Professor Charles Bernard Bell, Jr., one of the leading African American mathematicians of the twentieth century, was born in New Orleans, Louisiana on August 20, 1928. At age 19 he graduated from HBCU Xavier University in 1947 and earned his PhD. in mathematics from Notre Dame University, four years later, in 1953. From 1951 to 1955 he worked as a research engineer at Douglas Aircraft Company. After serving as an assistant professor at Xavier University for two years, he then spent a year at Stanford University as a research associate.
In 1958, Bell became the second African American professor hired at San Diego State University (SDSU) and became one of only a handful of Black professors at a predominantly white campus in that era. He served as advisor to the nearly all white student organization, the Interfaith Council. On leave from SDSU between 1964 and 1966, Bell traveled abroad, working and studying at the Mathematics Institute of Amsterdam, the University of Madrid (Spain), the University of Vienna (Austria), the Institute of Statistics at the University of Paris (France), and the University of Erlangen (West Germany). During that time he also attended the International Mathematics Conference in Moscow, then capital of the Soviet Union.
From 1966 to 1981, Bell taught in succession at Case Western University, the University of Michigan at Ann Arbor, and the University of Washington at Seattle before returning to San Diego State University in 1981. He retired as full professor in 1992. Bell published nearly forty papers and was elected a Fellow in the Institute of Mathematical Statistics and the American Statistics Association. He also enjoyed traveling to meet fellow mathematicians in Africa, India, and Europe and welcomed the opportunity to hone his language skills in foreign countries.

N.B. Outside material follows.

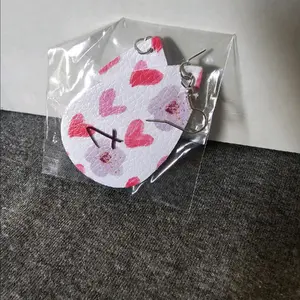 Faux leather teardrop earrings fish hook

He once told an interviewer: “I enjoy family, I enjoy eating gumbo, and for more than four decades I enjoyed teaching mathematics and statistics and doing research in nonparametric statistics, stochastic processes and related problems and applications.” Bell’s other areas of expertise were biostatistics and signal detection which had highly sensitive military implications.
Charles B. Bell died in Los Angeles, California on October 26, 2010 at the age of 82.